OK, I have four of the 9th Gen Impala 2009, 2010, and two 2013s. GM is batting .500 and since this is not baseball, that isn't very good. I have a fleet of 25 mostly domestics. 8 Fords, 8 GMs, 7 Mopars. GM is likely in second or tied for third place... but GM has the most repair workorder and is the oldest of the brands in the fleet. Ford is best (also the newest) and Dodge is picking its 3.3 nose out in the field.

So, I can't dig a hole big enough to swallow the 2009 "Limpala". If it is a part bolted to the frame, it has been replaced. The only thing making it useful is the nest of ants that made refuge in it last week. 2010 has been ok. Minor issues but still kicking around. Both are local use an maybe get 900 miles in a month. I would say that 3 of the 4 love to eat their power-steering components.

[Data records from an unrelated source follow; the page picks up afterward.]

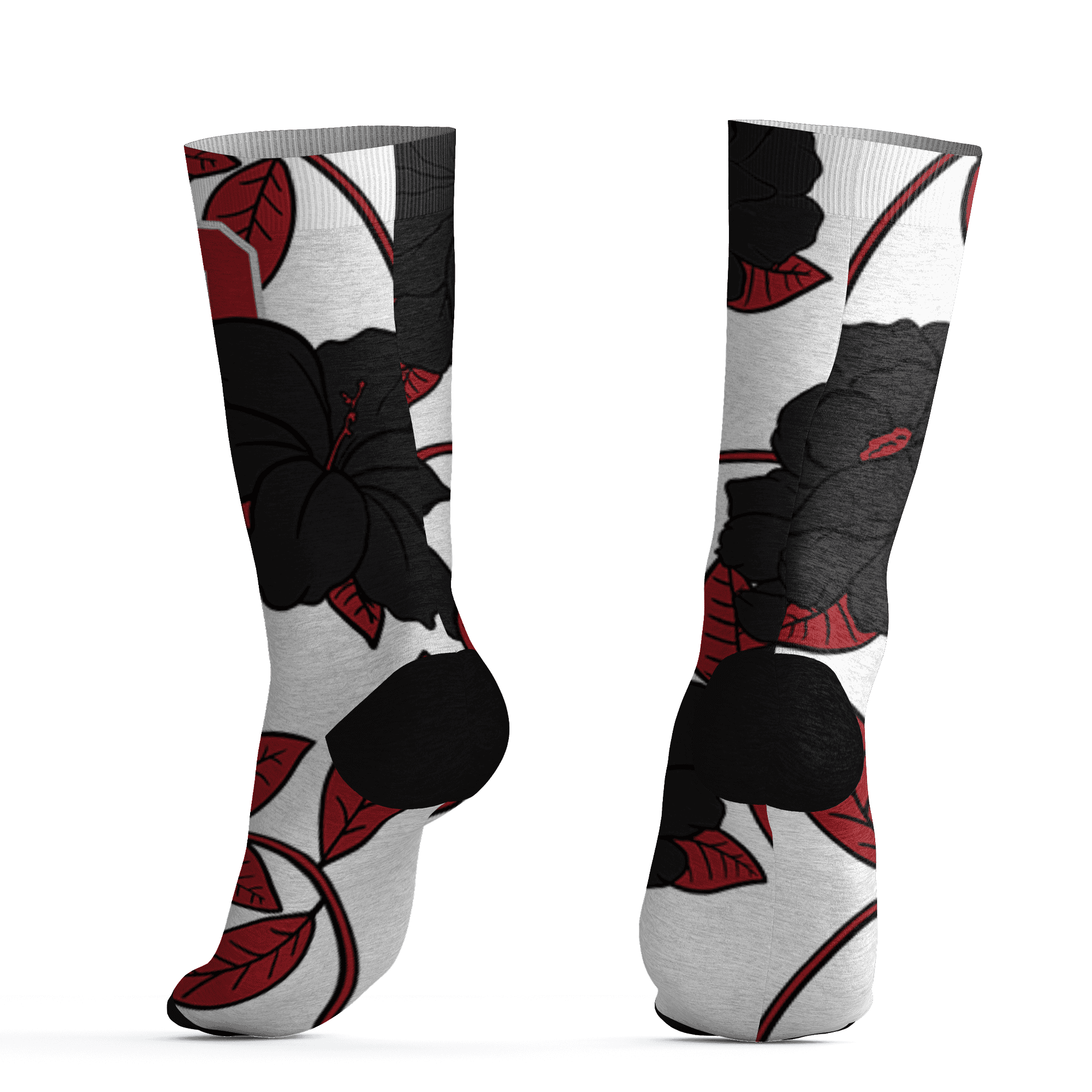 Retro Red Taxi 12s Socks Match 23 Floral 3D All-Over Print Flower - NastyJamz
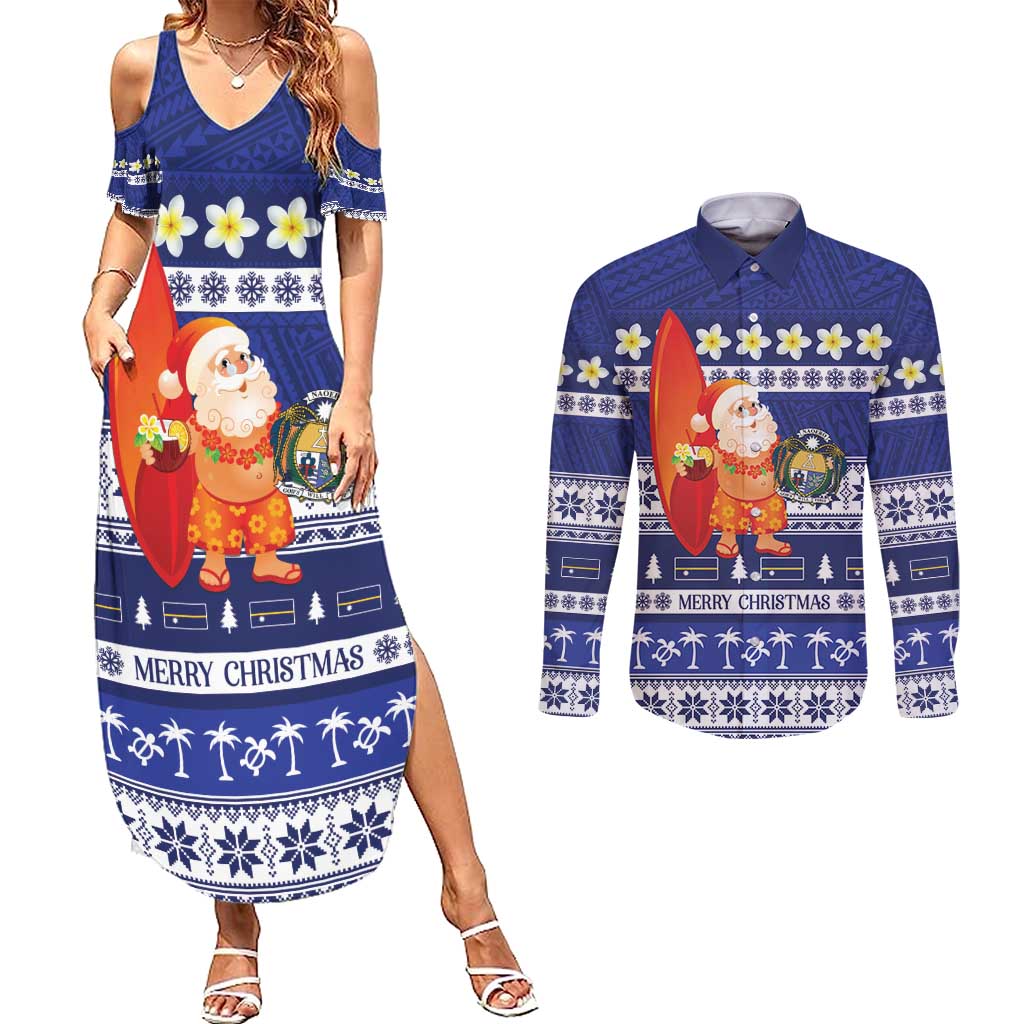 Nauru Christmas Couples Matching Summer Maxi Dress and Long Sleeve Button Shirt Cute Santa Coat Of Arms Merry Xmas - Polynesian Pride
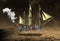 Tall Steampunk Sailing Ship Surreal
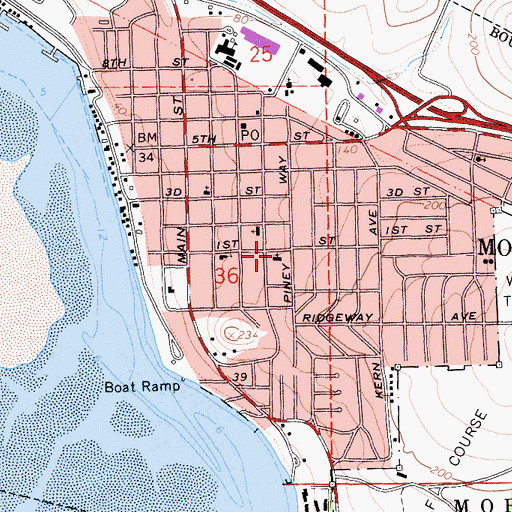 Topographic Map of Morro Bay Presbyterian Church, CA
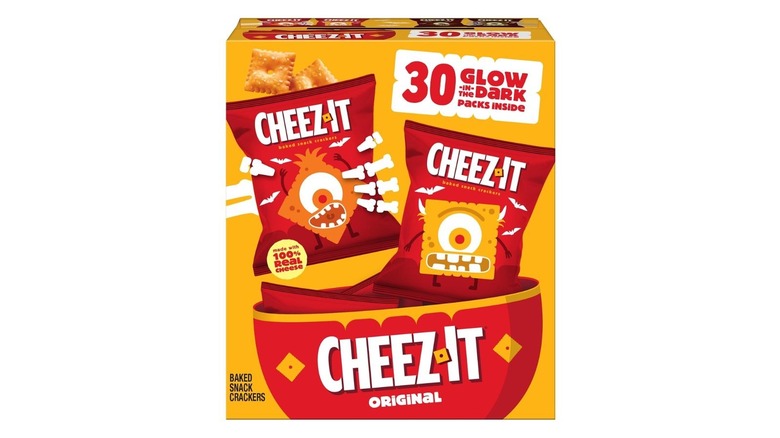 An orange package of individual Cheez-It bags for Halloween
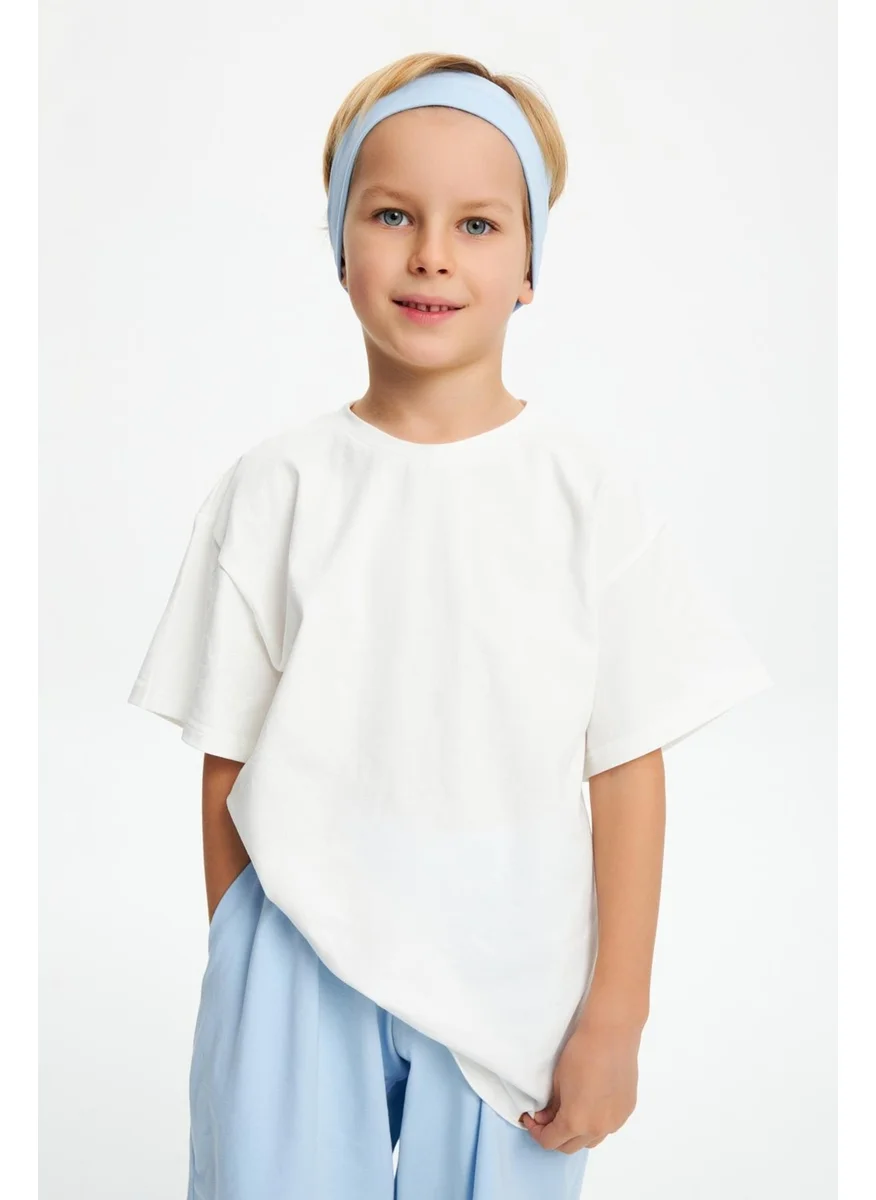 Babygiz Baby Blue-White Boy's Cotton Combed Oversize White T-Shirt Blue Bandana 2-Piece Set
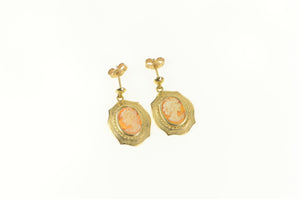 10K Ornate Carved Shell Cameo Statement Dangle Earrings Yellow Gold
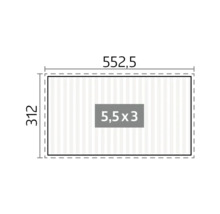 Technický nákres s rozmermi 552,5 krát 312 a údajom o ploche 5,5 krát 3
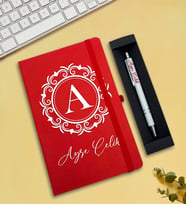 Kişiye Özel Defter & Kalem Hediye Seti (Kırmızı)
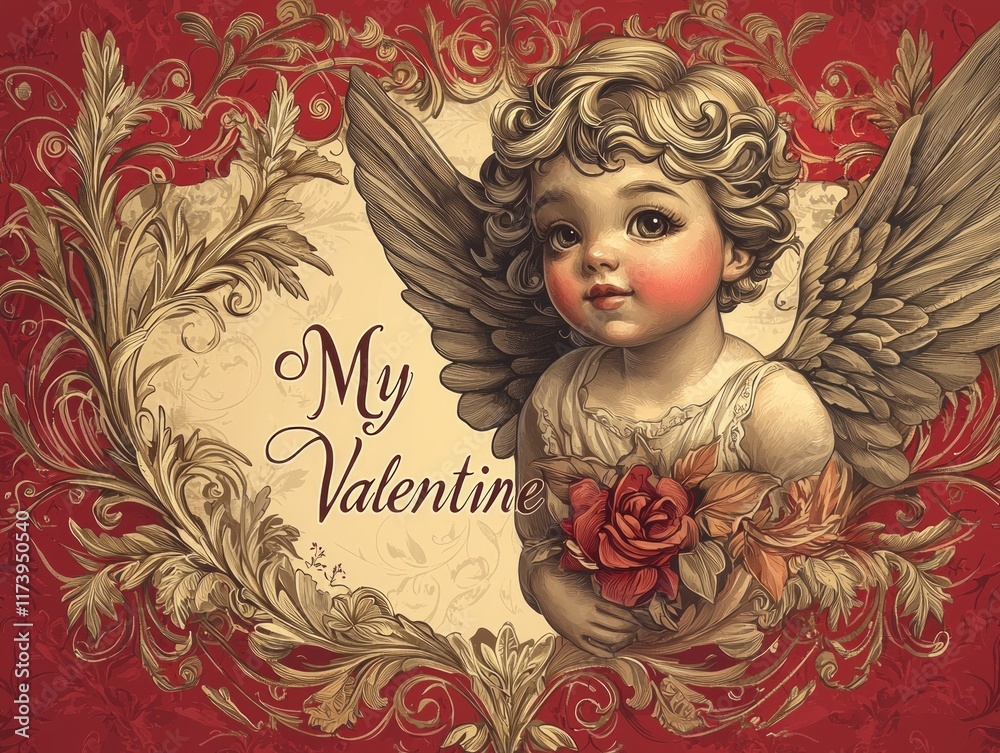 Intricate Valentine39;s Day card showcases charming cupid illustration in faded red and gold tones surrounded detailed lace patterns and phrase My Valentine in elegant script. Intricate Valentine39;s Day card showcases charming cupid illustration in faded red and gold tones surrounded detailed lace patterns and phrase My Valentine in elegant script.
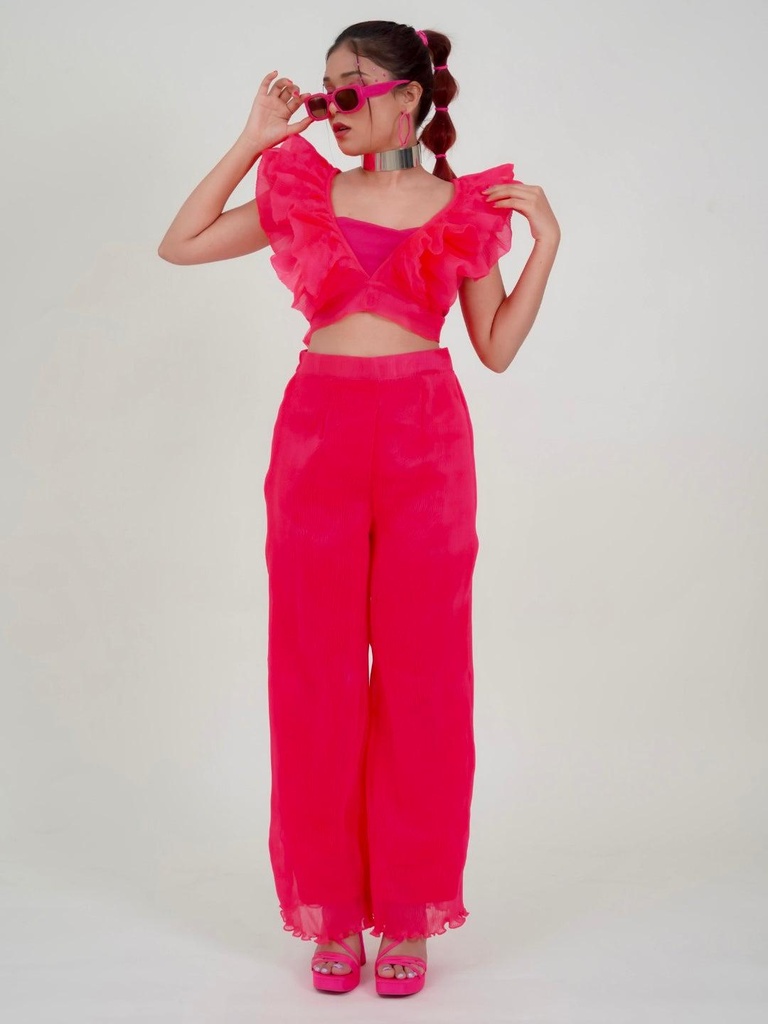 [ULSS22BT14-13-109-02] Pleated Organza Pants (S, Barbie Pink)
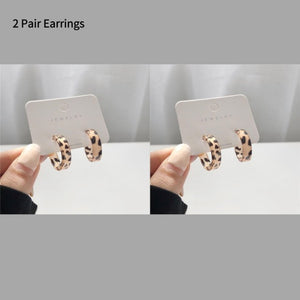 New Korean Statement Earrings for Women Brown Leopard Geometric Hoop Earrings Vintage 2022 Trend Fashion Jewelry Gifts Creative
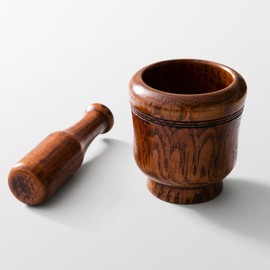 TAMUME Wooden Mortar and Pestle Set, Handmade Spice Kitchen Grinder, Herb Crusher, Masher and Mixer, for Grinding Sea Salt, Spice and Herb (Wood)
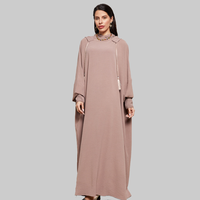Robe abaya longue à manches longues rose sale vert olive Col châle Design Tassel Accents Style drapé Pleine longueur Coupe ample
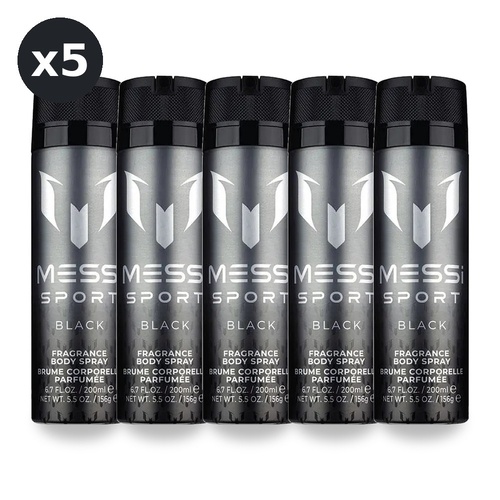 Messi Sport Black Body Spray 200ml Pack of 5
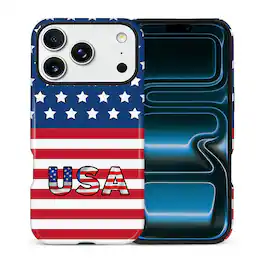 Finnhomy - Smartphone Case for iPhone 17 Pro Max Dual Layer Protective Phone Case Shockproof Anti Slip Slim Cover Keep Smile - USA Flag for iPhone 17 Pro Max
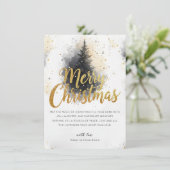 ニュートラルなゴールドの水彩 メリークリスマスカード 招待状 (スタンド正面)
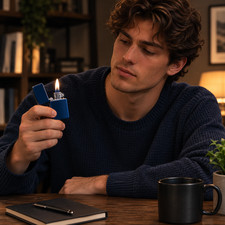 Zippo Lighter – Classic Navy Blue Matte picture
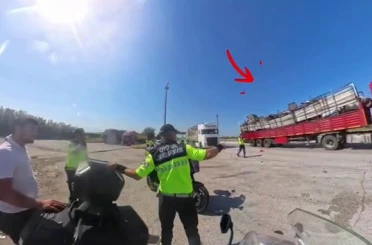 Otoyolda tehlikeli yük taşıyan tır, jandarmanın dikkatinden kaçmadı 
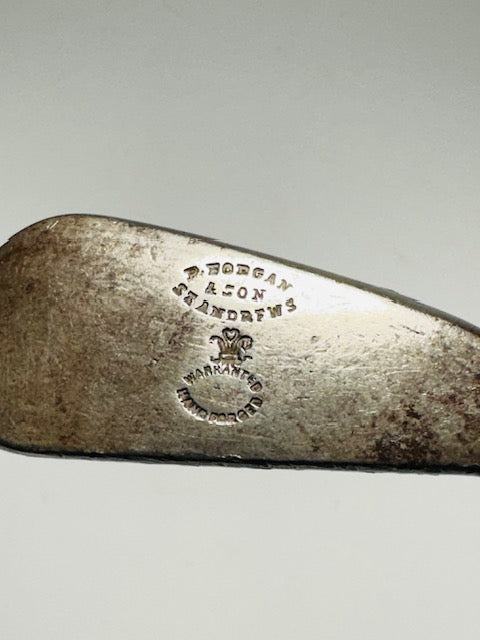 R. Forgan & Son smooth face iron, Prince of Wales plume, vintage hickory golf iron - Alternate View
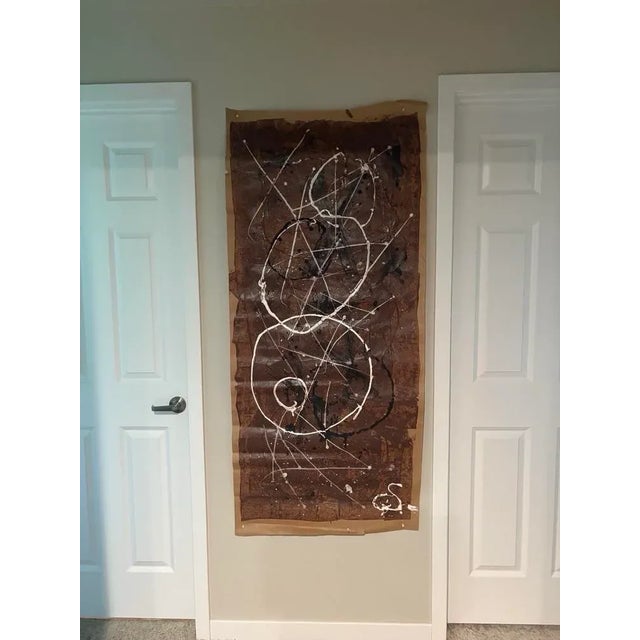 Christopher Shoemaker Large Unframed Abstract Painting by Christopher Shoemaker (64” High) For Sale - Image 4 of 6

The two 2013 are a prime example of the two-headed GM monster. The first (#1), 90K without a major issue. Maybe a brake job, but that is it. Trim and everything is holding up well and is a comfortable car. Obviously it was made on a sober day. I did have an instance when a kid to a screwdriver to the door in a dumb-censored attempt to "steal" an Impala. However the Impala won. #1 might be one of my best vehicles in the fleet. Period.

Now, the second Impala (#2) is the reason why some folks will not buy domestic. Constantly in the shop just enough not to be a lemon... and is always "fixable". New tranny at 24K. The list goes on from there. At about 50K miles, folks do not want to use it. Trim is coming off. The best part of the tranny issue was the dealership. After three weeks of waiting while the dealership learned that a transmission was not a toaster oven, we go it back and I sent it for a 2-week trip. Then the harassment calls came from the dealership. You see, they forgot to report a serial number or something to GM (and I assume they were not going to get paid for the warranty work without it)... so their solution was to call my office with the "break your legs loanshark" tactics so that I WOULD BRING THE VEHICLE BACK TO THEM SO THEY COULD PULL THE NUMBER. Ask nicely and I might have done it but....you know my mood after the first dozen calls. I told them they were free to go to western PA to inspect and pull the serial number themselves and/or wait for it to come back and then drive their little service Sonic over an pull the number.